======== Available data ========

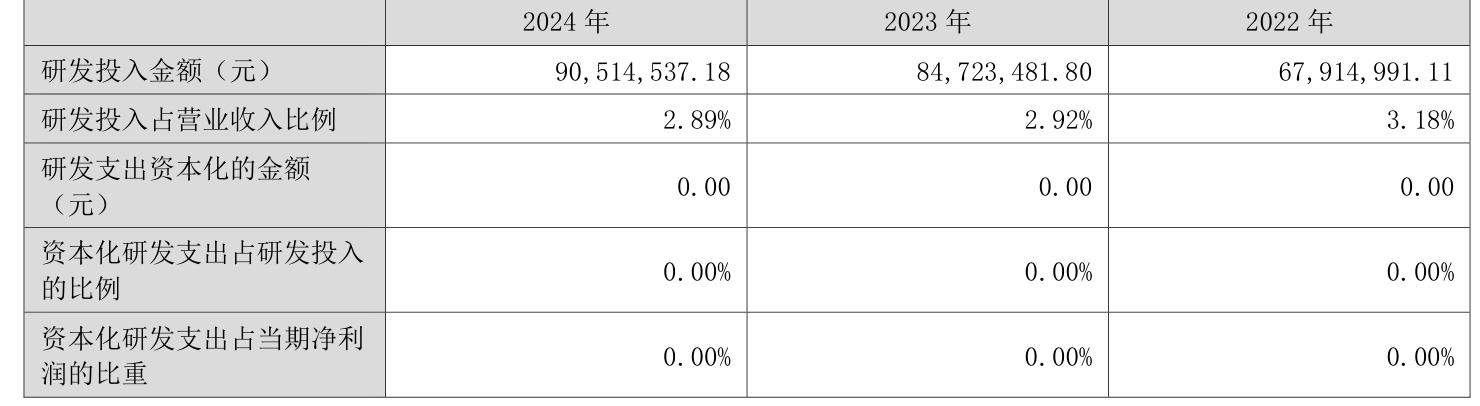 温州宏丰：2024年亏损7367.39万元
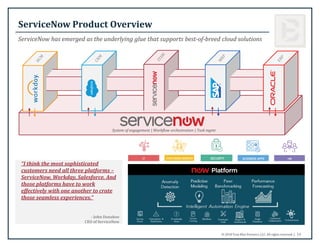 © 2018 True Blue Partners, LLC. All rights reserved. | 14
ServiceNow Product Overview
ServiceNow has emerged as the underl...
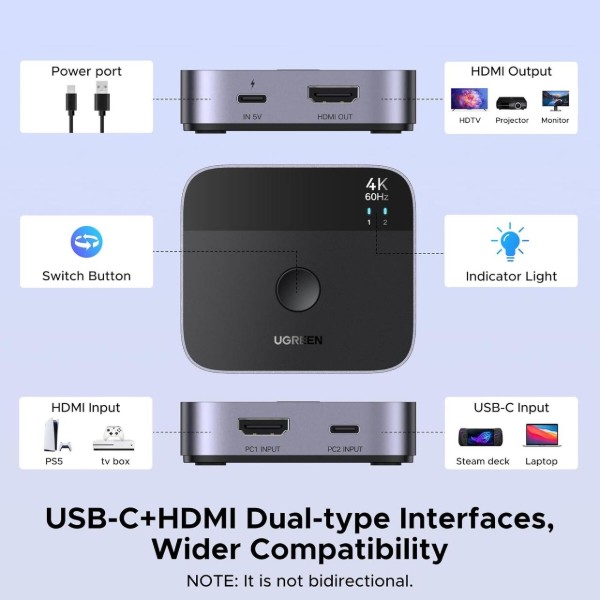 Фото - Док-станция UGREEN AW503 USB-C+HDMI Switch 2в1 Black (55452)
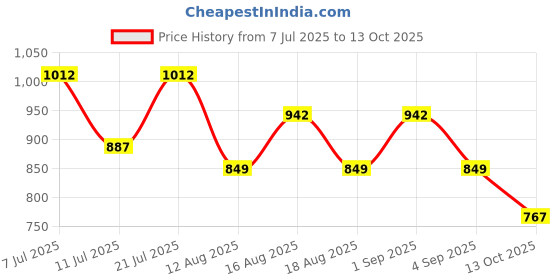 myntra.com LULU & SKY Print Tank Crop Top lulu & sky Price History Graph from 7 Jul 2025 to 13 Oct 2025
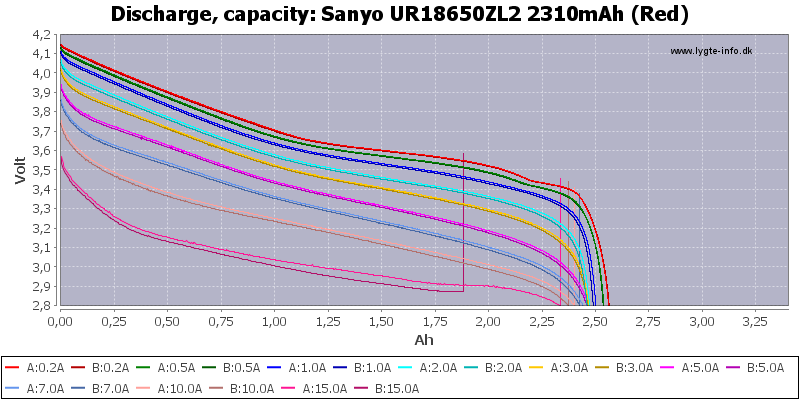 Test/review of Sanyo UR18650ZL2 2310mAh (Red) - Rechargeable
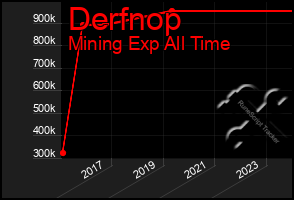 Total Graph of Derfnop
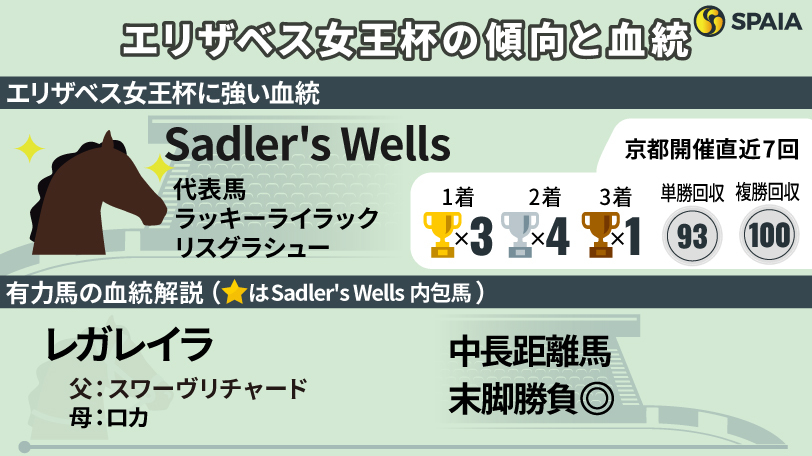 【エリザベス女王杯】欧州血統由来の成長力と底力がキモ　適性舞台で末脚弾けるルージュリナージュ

========

* [Task directions] Work through the entries, filtering for the string "ServiceNow", and copy each line that holds it.

* [Answer to the exercise]
ServiceNow Product Overview
ServiceNow has emerged as the underl...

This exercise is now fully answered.